Com os excessos que se mantêm desde abril, quando a população saiu às ruas, inicialmente, para protestar contra a reforma da previdência, o governo nicaraguense começa a perder apoio entre a mesma esquerda para a qual sempre serviu como parâmetro. Ao optar por um caminho semelhante ao do chavismo da Venezuela, a Nicarágua acabou aparelhando a máquina pública com integrantes da Frente Sandinista de Libertação Nacional. Ao mesmo tempo, passou a perseguir a mídia e opositores políticos, além de impor o controle das instituições pelo Executivo, enfraquecendo-as.

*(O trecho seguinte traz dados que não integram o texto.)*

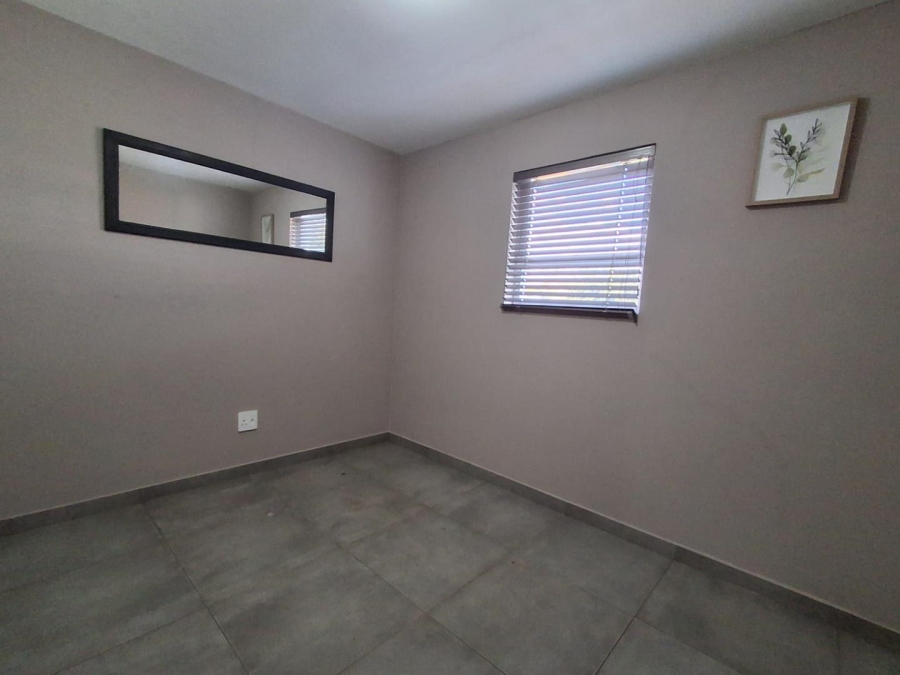 3 Bedroom Property for Sale in Norton Gauteng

Lamentavelmente, esse regime criminoso segue com apoiadores em toda a América Latina e, inclusive, no Brasil, entre os quais integrantes do PT. Um dos que decidiram reagir, retirando seu apoio ao regime, foi o senador José "Pepe" Mujica, ex-presidente uruguaio, que alertou para os excessos: "Um sonho que se desvia, cai em autocracia". Ao perseguir manifestantes, o governo nicaraguense mostra até que ponto pode chegar o esquerdismo anacrônico e autoritário. Além da força bruta nas ruas, Daniel Ortega vale-se de uma lei para a qual basta se opor à opressão do regime e a nicaraguenses pró-governo conhecidos como "grupos de choque" para ser considerado terrorista. Em consequência, cai nos mesmos excessos da ditadura sanguinária que pretendeu substituir.
A saída para o impasse na Nicarágua precisa ocorrer pela via democrática, o que depende do estabelecimento de um ambiente adequado para o bom senso e o diálogo. As mortes registradas em consequência da perda de controle interno no país não podem ficar impunes e servem como um trágico alerta do que costuma ocorrer quando a democracia se transforma em vítima.